▶ **DIRECTIONS FOR THIS TASK**: A picture-free, exact reproduction of the listing that follows is required.

▶ **DATA SHOWN**:
- Opening Delimiter -

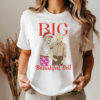 Big Beautiful Bill Anti-Trump Shirt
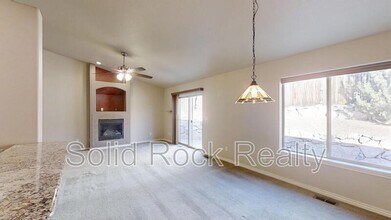 6161 Kingdom View in Colorado Springs, CO - Building Photo - Building Photo
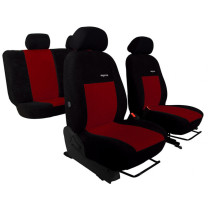 Poťahy pre OPEL ZAFIRA 7 miestne A (1999-2006) Elegance (velour-velour)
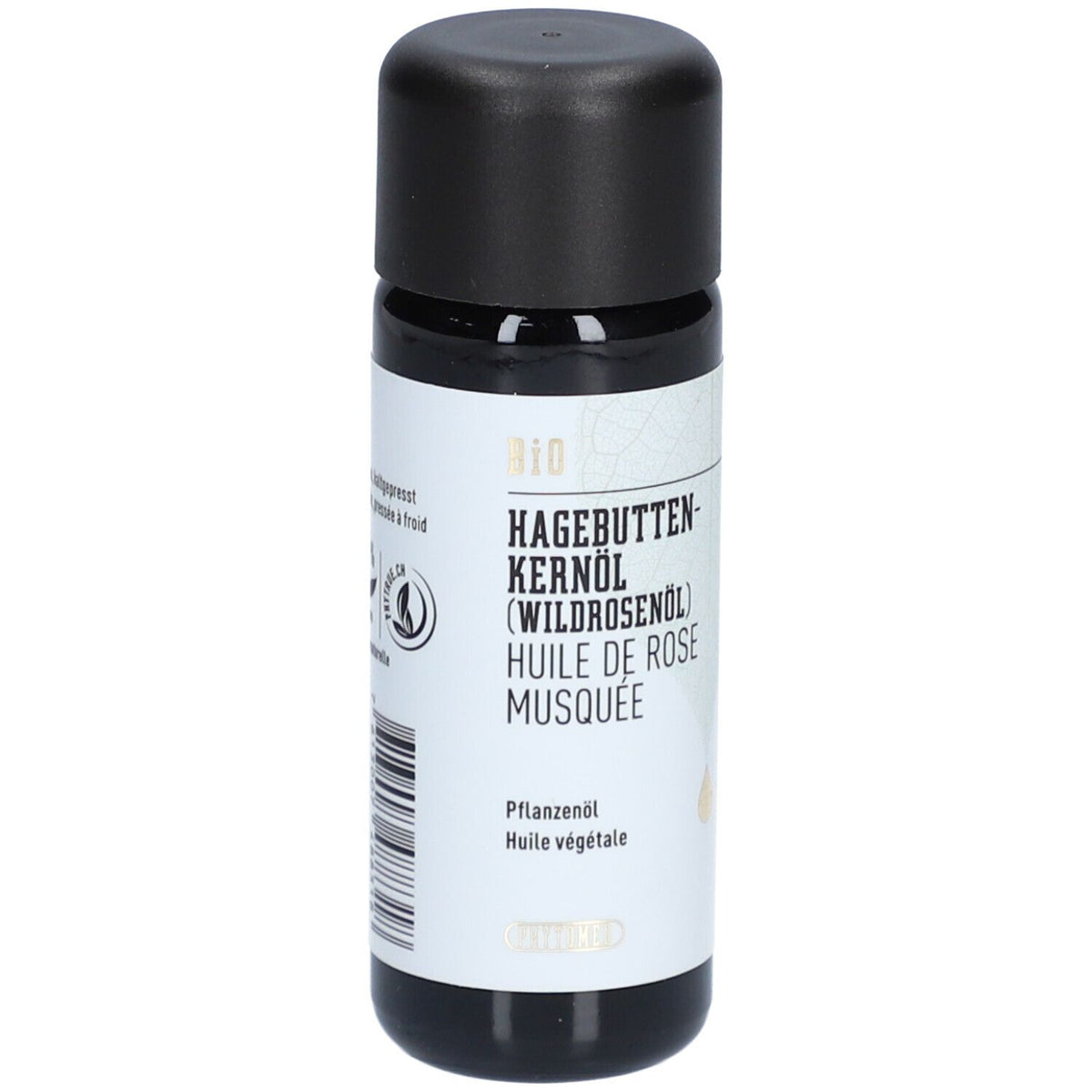 PHYTOMED huile de rose musquée bio (50 ml)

- Closing Delimiter -

▶ **RESPONSE TO THIS TASK**:
 Big Beautiful Bill Anti-Trump Shirt
 6161 Kingdom View in Colorado Springs, CO - Building Photo - Building Photo
 Poťahy pre OPEL ZAFIRA 7 miestne A (1999-2006) Elegance (velour-velour)
 PHYTOMED huile de rose musquée bio (50 ml)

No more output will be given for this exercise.